Murphy says he supports removing religion as a reason to skip child vaccinations in N.J.

Posted Jan 15, 2020

Gov. Phil Murphy made it clear Wednesday that he would sign a bill into law that would no longer allow parents to cite religion as a reason to avoid getting their children the vaccinations required to attend school in New Jersey.

“If that were to come our way — I don’t talk about prospective bills in specifics — but I think we’ve given a pretty strong indication that that’s something that we would support,” the Democratic governor told reporters during an unrelated event in East Brunswick.

Murphy’s comments come two days after a planned vote on the measure (S2173) in the state Senate fell apart for the second time in a month, as hundreds of parents staged another loud protest outside the Statehouse in Trenton.

But Democratic leaders of the state Legislature have vowed to pass the bill in the new two-year legislative session that began Tuesday, saying it would help ensure children are better protected from diseases because mainstream science supports vaccination. They also argue that no major religions oppose vaccines.

Lawmakers have already reintroduced the proposal, which would have to pass both house of the Democratic-controlled Legislature — the Senate and Assembly — before Murphy can sign it into law.

Though it passed the Assembly last month, leaders say they’ve been one vote short of passing the bill in the Senate.

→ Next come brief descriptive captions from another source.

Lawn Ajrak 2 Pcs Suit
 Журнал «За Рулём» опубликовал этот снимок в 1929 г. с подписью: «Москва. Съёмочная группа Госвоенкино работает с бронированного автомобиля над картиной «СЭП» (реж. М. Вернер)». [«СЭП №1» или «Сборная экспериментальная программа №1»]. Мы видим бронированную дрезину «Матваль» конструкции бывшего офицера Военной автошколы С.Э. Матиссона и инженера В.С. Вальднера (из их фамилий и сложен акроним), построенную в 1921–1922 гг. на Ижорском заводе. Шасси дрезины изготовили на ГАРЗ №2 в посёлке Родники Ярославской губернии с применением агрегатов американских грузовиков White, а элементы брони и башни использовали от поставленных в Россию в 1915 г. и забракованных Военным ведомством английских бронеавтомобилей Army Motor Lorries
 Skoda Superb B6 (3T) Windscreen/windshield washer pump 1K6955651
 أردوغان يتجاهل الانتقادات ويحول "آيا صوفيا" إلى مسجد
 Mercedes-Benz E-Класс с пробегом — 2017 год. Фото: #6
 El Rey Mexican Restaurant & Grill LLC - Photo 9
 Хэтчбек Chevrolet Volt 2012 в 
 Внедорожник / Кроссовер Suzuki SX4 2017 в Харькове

Opponents say the legislation would strip away parental rights, as well as their freedom of religion. Some protestors also say they don’t trust the government and pharmaceutical companies when it comes to their children’s safety.

Murphy said in December that “the safety of all nine million residents is job No. 1 for me" and that his administration bases its decisions “on science and fact.” He also said recognizes “the passions on this on both sides” and would not definitively say whether he’d sign the bill.

After Monday’s vote was canceled, state Senate President Stephen Sweeney, D-Gloucester, called on Murphy to be more specific.

“You can’t hide behind words," said Sweeney, who often clashes with the governor. “This is a public health issue. As the governor, he should be very clear in his position. You should either support it or you don’t.”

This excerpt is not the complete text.